Roma - «Al netto delle sceneggiate la maggioranza Salvini-Di Maio-Berlusconi c'è già». Il tweet del presidente del Pd, Matteo Orfini, sull'elezione del leghista Guiorgetti alla presidenza della commissione speciale della Camera svela la segreta speranza degli oppositori: un governo grillini-centrodestra da bombardare ogni dì. In realtà, la giornata di ieri si è aperta in modo un po' inatteso per il leader della Lega che ha incassato senza colpo ferire la bordata dell'omologo pentastellato sparata tramite intervista agli «amici» del Fatto. «Incontrare Salvini ora non avrebbe senso». Un'indicazione che ieri il capo politico degli M5s ha ripetuto più volte per stanare il suo alter ego.

«Se mi chiama rispondo, è buona educazione. Io non l'ho chiamato», ha replicato il segretario della Lega partecipando alla celebrazione del 166simo anniversario della Polizia. Attorniato dai fan entusiasti, Salvini ha avuto buon gioco a tenere fede ai propri propositi. Che si sostanziano nella formula già ampiamente utilizzata: no a incarichi al buio, no a governi che cerchino la maggioranza in Parlamento e, soprattutto, no a governi «del presidente» che riciclino un Pd ampiamente sconfitto alle elezioni. Tesi riproposta anche negli incontri pomeridiani con i gruppi parlamentari. Insomma, la decantazione tanto invocata dal presidente della Repubblica Mattarella con la sua «strategia del carciofo» non si vede ancora. Gli animi sono accesi e Salvini non ha certo intenzione di mollare. Anzi, l'aver finalmente «incassato» un premio con l'elezione del vicesegretario Giorgetti nella commissione che dovrà analizzare il Def spegne sul nascere le possibilità che i grillini possano cercare una sponda nel Pd per formare un governo del cambiamento. I piddini proprio in quello speravano per lasciarsi andare ai corteggiamenti.

Anzi, la guida della commissione ha un altro vantaggio: la possibilità di rinsaldare i rapporti con l'alleato Fratelli d'Italia. Giorgia Meloni da giorni vagheggia la possibilità di modificare la legge elettorale passando direttamente dalla commissione speciale. Al netto dei veti del capo dello Stato (che mai consentirebbe un passaggio così delicato attraverso un organo parlamentare temporaneo che serve a gestire l'ordinaria amministrazione), il fronte è ampiamente coperto anche sul versante che spinge per una nuova ordalia delle urne.

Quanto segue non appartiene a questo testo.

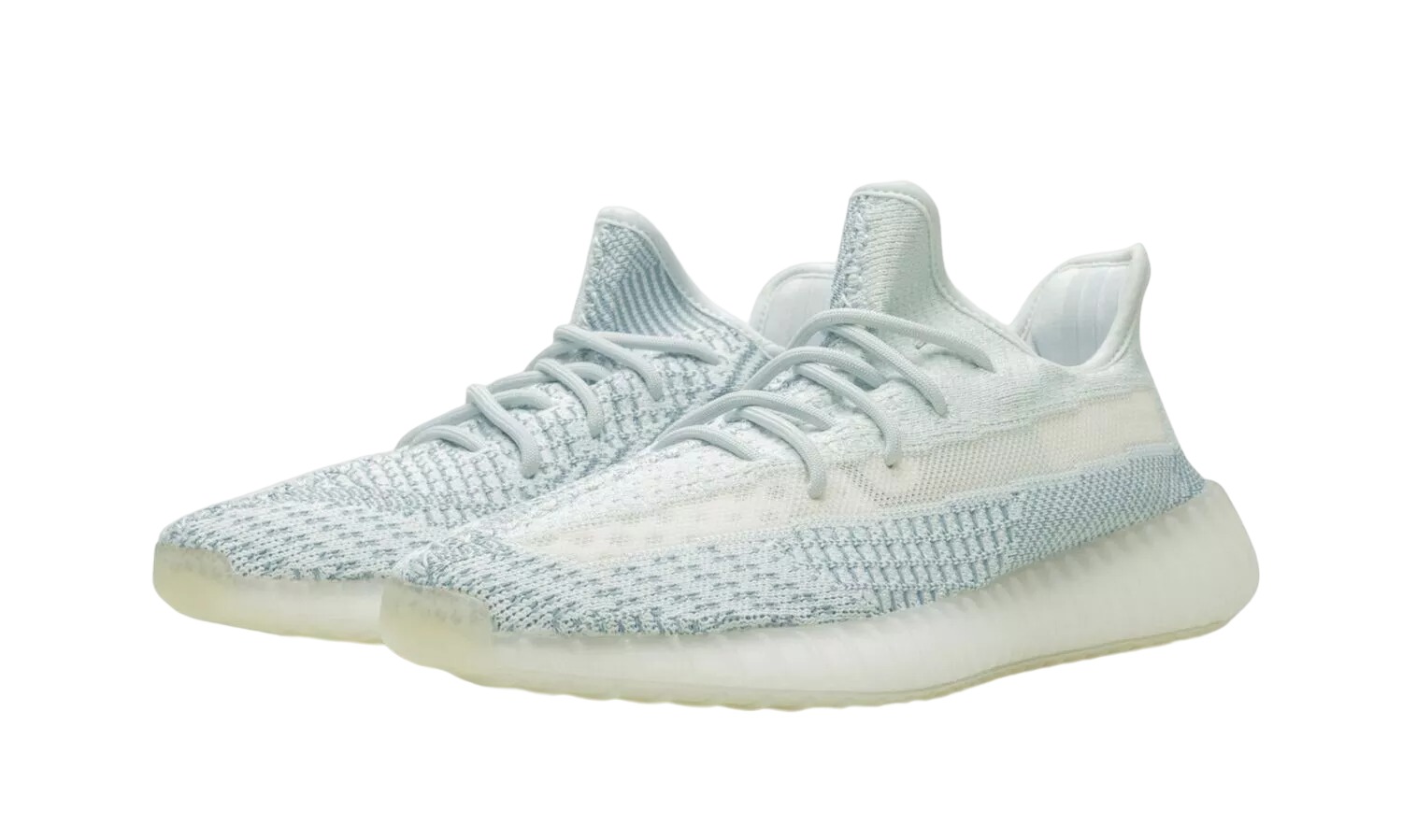 YEEZY BOOST 350 V2 Cloud White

Certo, vi sono sempre delle incognite. Ad esempio, un cedimento dei dem alle lusinghe grilline: «Per noi non sarebbe neanche male andare all'opposizione con un governo M5s-Pd», fanno sapere dalla Lega. Ecco perché in vista dell'appuntamento al Quirinale di venerdì non sarà certo Salvini a fare il primo passo. Il faccia a faccia con Di Maio è, al momento, «improbabile», ma resta «possibile». Ci sarà da squadernare il vocabolario della Prima Repubblica in questa fase. Ma Matteo finora sta navigando bene. In fondo, la determinazione finora mostrata nel non spaccare la coalizione gli è valsa anche il riconoscimento del presidente dell'Europarlamento Tajani.

È ovvio che questo «teatrino» non potrà protrarsi troppo a lungo anche se fino alle elezioni regionali di Molise e Friuli Venezia Giulia è difficile che qualcosa si smuova. È una guerra di nervi: la speranza è che a logorarsi prima sia il Movimento Cinque Stelle. Difficile, però, che i grillini possano crollare prima di un Pd ormai ridotto a un coacervo di comitati elettorali.